Precision over Control
My breath feels uneven. I notice it without trying to smooth it out. The inhalation is jagged, the exhalation is protracted; the chest constricts and then softens. There’s a subtle urge to adjust, to refine, to make it cleaner. Precision whispers. Silence counters. Just this. Just now. I feel the mosquito land; I hold still for an extra second, then I swat it away. I feel a brief flash of anger, followed by relief, and then a strange sense of regret. It all occurs in an instant.
Reality does not concern itself with my readiness or my comprehension. It just keeps happening. That’s what feels so uncompromising about this style of teaching. Everything is stripped of its label; discomfort is just sensation. Wandering is wandering. Mundanity is mundanity. There is no "special" state to achieve. The quietude neither criticizes nor praises; it simply provides the space for reality to exist.

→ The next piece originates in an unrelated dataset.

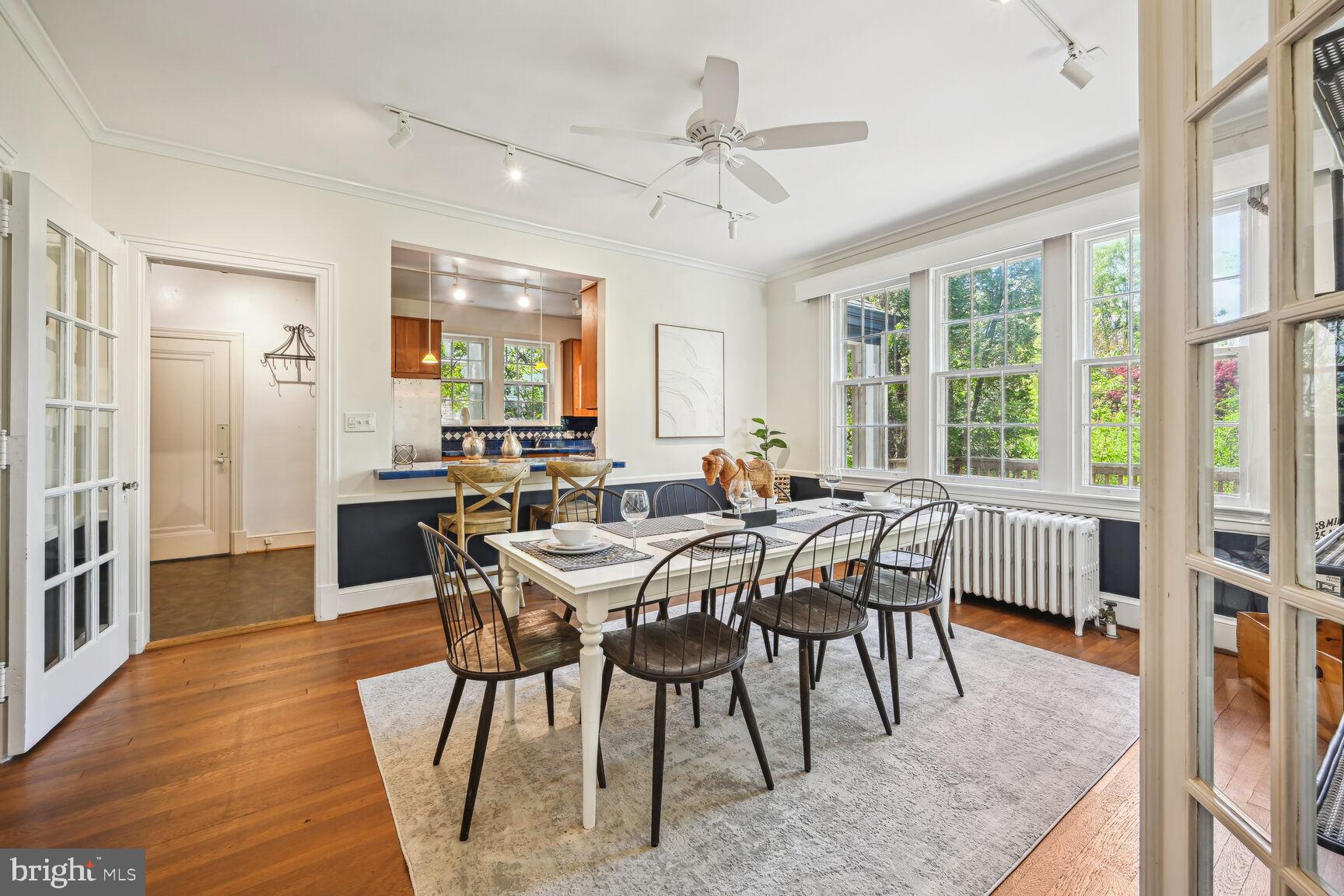 CHEVY CHASE VILLAGE - Residential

My back is hurting again in that same spot; I move a fraction, and the sensation changes. I observe how the ego immediately tries to claim this relief as a "victory." I choose not to engage. Maybe I get caught for a moment; it's hard to distinguish. But I remember that mindfulness is about truth, not about being a "master." It is about perceiving the raw check here reality, not the version I want to tell myself.
In this silence, Sayadaw U Kundala is a force of restraint rather than a provider of directions. Fewer words. Fewer conclusions. Less story. His method provides no comfort this evening, but it gives me a sense of stability. There is a vital distinction. Comfort wraps things up. Steadiness lets them stay open.
The room is still, but my mind is not. My physical state fluctuates between pain and ease. Nothing is "fixed," and that is perfectly fine. I remain on the cushion for a while longer, refusing to analyze the experience and simply allowing it to be exactly as it is—raw and incomplete, and somehow, that feels like the real Dhamma, far more than any words I could say about it.